An important strength of our study is that it uses a phase 2 approach according to the MRC Framework for the development of a complex intervention [19]. This framework, following a five phase iterative approach from pre-clinical phase to large-scale implementation, provides a valuable structure to guide the development and modelling of a complex intervention to improve end-of-life care in acute geriatric hospital wards [19]. Secondly, our study uses methodological triangulation [33]; multiple qualitative methods (i.e. notes and a transcripts) and a quantitative method to evaluate the feasibility and effects of the Care Programme.

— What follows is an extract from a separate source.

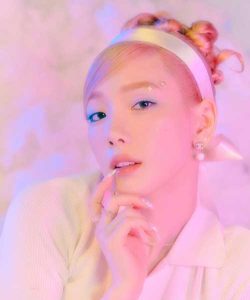 金泰妍-金太妍【2010-2023】所有音乐歌曲专辑合集打包【高品质MP3+无损FLAC-4.43GB】百度网盘下载-28音盘地带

There are also limitations in the study that need to be considered. Firstly, because it took place only in one geriatric hospital ward, located in a university hospital, our results cannot be generalized to other wards in other hospitals. Secondly, we only explored the perceptions of health care staff whereas family carers and patients could have provided additional information on the effects of the Care Programme.

Conclusions

Results of this mixed methods study suggest that implementing the Care Programme in an acute geriatric hospital setting is feasible as most of our indicators for a successful implementation were met. Nurses and physicians also perceived the Care Programme as favorable in terms of its positive effects on the documentation of care and the content and quality of end-of-life care and communication among health care staff and between health care staff and patient/family. However, several barriers to the implementation process were perceived relating to practical issues, the content of the supportive documents within the Care Programme, the low involvement of health care staff during meetings and training and difficulties inherent to the organization and provision of end-of-life care in the last days of life. To resolve most of these barriers, adaptations were made to the Care Guide and implementation guide that have resulted in a refined Care Programme. However, barriers related to the low motivation of staff and the organization and provision of end-of-life care are more challenging to resolve. Health care staff desiring to implement and use the Care Programme on their ward should take these challenges into consideration. Further research should focus on gaining a better understanding of the barriers and of how they could best be addressed.